Question
The following three transactions are related to TQFs employees during 2020: a) TQF offers parental benefits to its staff as a top-up on EI benefits
The following three transactions are related to TQF’s employees during 2020:
a) TQF offers parental benefits to its staff as a top-up on EI benefits so that employees end up receiving 100% of their salary for a minimum of 12 months of parental leave. Joanne Adams, the Director of Marketing for TQF, who earns $ 90,000 per annum, announced that she will be taking parental leave for a period of 25 weeks starting on December 1, 2020.. The Employment Insurance program pays her a maximum of $ 800 per week for 17 weeks.
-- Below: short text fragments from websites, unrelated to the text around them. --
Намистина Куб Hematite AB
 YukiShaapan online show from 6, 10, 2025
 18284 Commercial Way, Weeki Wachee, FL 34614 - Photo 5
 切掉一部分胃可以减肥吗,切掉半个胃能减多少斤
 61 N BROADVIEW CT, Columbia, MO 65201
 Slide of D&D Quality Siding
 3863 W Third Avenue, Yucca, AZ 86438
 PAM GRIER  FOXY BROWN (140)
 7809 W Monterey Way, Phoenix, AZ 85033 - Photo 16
b) At the end of 2020, TQF issued preferred shares in the amount of $ 15,000 to one key employee, Gary Roberts. The shares have a rate of return of 4% per annum and are cumulative, redeemable and retractable in two years’ time at face value plus dividends in arrears, if any.
c) The following is related to the pension plan that TQF has established:
(1) For 2020, the service cost for TQF employees is projected by the actuary to be $236,000. The current service cost is credited at the end of each fiscal year. Nothing has been recorded in the financials to reflect this.
(2) The actuary has reviewed the new plan and determined that the past service costs for existing employees is $96,000. TQF has not yet reflected this in its current results and is unclear on how to accurately report this in its financial statements. TQF employees would be eligible for full benefits after a one-year vesting period.
(3) TQF's current borrowing rate and settlement rate is 7%. TQF's management has specifically ruled out the option of purchasing an insurance contract for the future settlement of its pension liability. The current interest rate on high-quality corporate bonds is 8%.
(4) The plan paid only $34,000 in benefits to its retirees for 2020 and TQF contributed $88,000 to the plan throughout the year.
(5) Due to declining economic conditions, the actuary has revised its assumptions for age of retirement and final salary. This has resulted in an actuarial loss of $55,000. TQF must also account for an actuarial loss of $19,000 resulting from differences in past assumptions and actual costs (experience losses). This has not yet been accounted for in the statements.
(6) The actual return on plan assets was $16,500, significantly lower than projected.
(7) The defined benefit obligation as determined by the actuarial valuation is the one used for accounting purposes. The fair value of the plan assets was $980,000 at the end of 2019.
(8) Net defined benefit liability at the end of 2019 is $ 2,165,000.